There is certainly much that needs to be decided by the time the conference concludes later today. So far, although the 2014 deadline for pulling all combat troops out of Afghanistan was agreed two years ago, few further details have been fixed. Now they must start to be. For Chicago to be a success, there must be clear progress in establishing both the sequence of troop withdrawal and the massive logistical programme needed to bring out the estimated £40bn-worth of matériel in the region.

Trickier still, agreement must be reached on Nato's future role in the country. As the departure date draws closer – and the security situation in Afghanistan shows little sign of unambiguous improvement – it is more difficult than ever to claim it is more than a war-weary concession to the unconquerable Afghan terrain and an abandonment of its people to a highly uncertain, and potentially violent, future. Indeed, President Obama's meeting with his opposite number, Hamid Karzai, yesterday, to discuss a possible political settlement with the Taliban, only underlines the degree to which the goalposts have, once again, been shifted.

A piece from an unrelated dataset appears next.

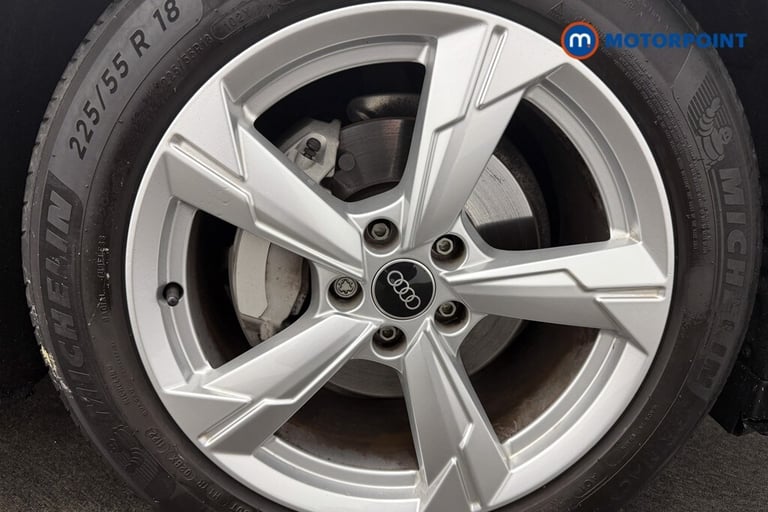 2022 Audi A6 40 TFSI Sport 4dr S Tronic [Tech Pack] SALOON PETROL Automatic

In order for the formal end of the decade-long conflict not to pitch Afghanistan straight back to its former position as a human rights black spot and safe haven for international terrorists, Nato proposes to retain an extensive training and advisory role even after combat troops have left. Not only must the scope of such an endeavour now be decided, so must its details. And central to that is the vexed question of money.

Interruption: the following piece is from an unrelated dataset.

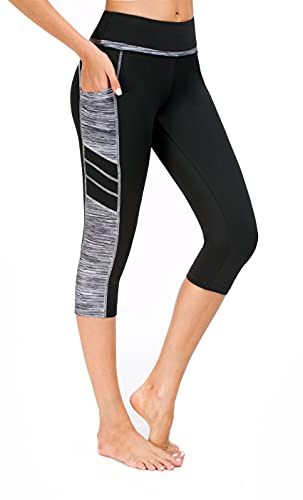 Flatik Leggings de sport pour femme avec poches, leggings... en promo à 12,86€ (-50%) sur Amazon FR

Efforts are already being made to ensure the Afghan National Security Forces can reliably take over from their international counterparts after 2014. But the price tag for ongoing support is $3bn per year, of which the US will fund around half. Britain has already committed to an annual £70m. Similar promises must be wrung out of the remaining Nato leaders in Chicago. But with many still feeling the pinch from the global financial crisis, and scaling back their domestic defence spending as a result, the case is harder to make than ever – and the proximity to the G8 meeting on the euro crisis will hardly help.

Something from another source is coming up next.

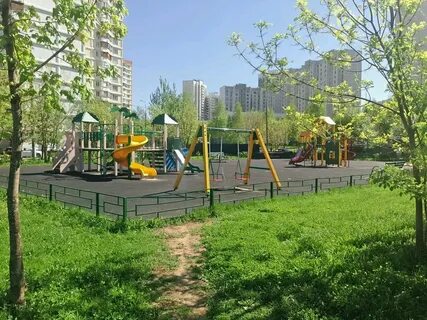 Детский сад пятницкое шоссе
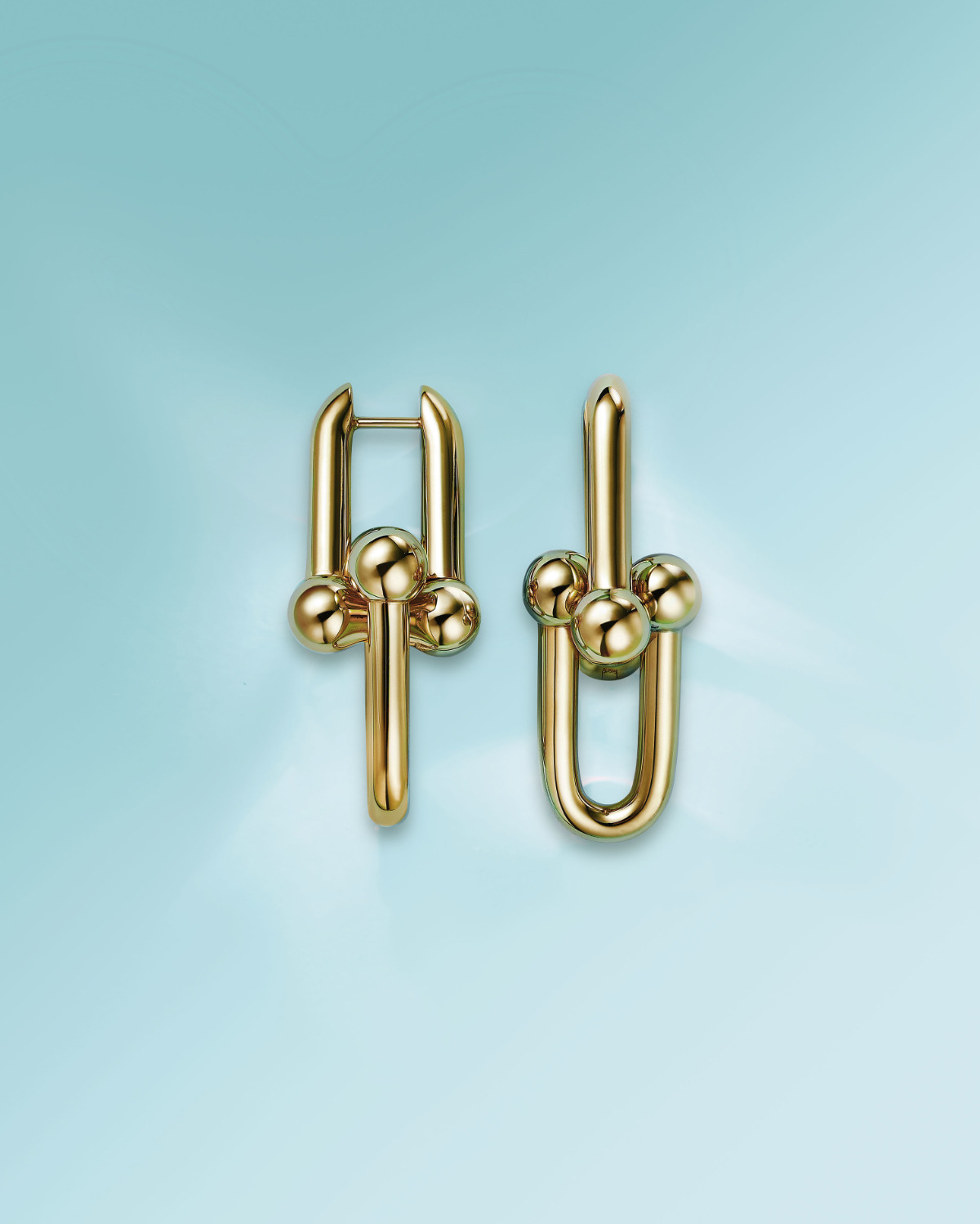 Collection Tiffany pour la Saint-Valentin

Neither is the politics any easier. Indeed, with so many domestic electorates having long lost their stomachs for the war, the international alliance is shakier than ever. In April, the Australian Prime Minister announced plans to withdraw all troops a year early, by the end of 2013. And François Hollande, France's new President, pledged in his election campaign to withdraw French forces by the end of this year. There is some room for manoeuvre – Mr Hollande, for example, has said France will continue other forms of support – but the risk is that a drip-drip of departures will leave only a US-led rump (including Britain) that is more exposed, less effective, and at greater risk. Unless the Nato summit can ensure that the trickle of departures does not become a flood, then the case for an accelerated, comprehensive withdrawal only becomes stronger.

There are other issues on the table in Chicago, not least the missile defence programme that ruffles feathers in Moscow. But it is with regard to Afghanistan that there are questions that can no longer wait for answers. Amid all the uncertainties, however, one thing is clear: even when the war there is officially over, our involvement will not be.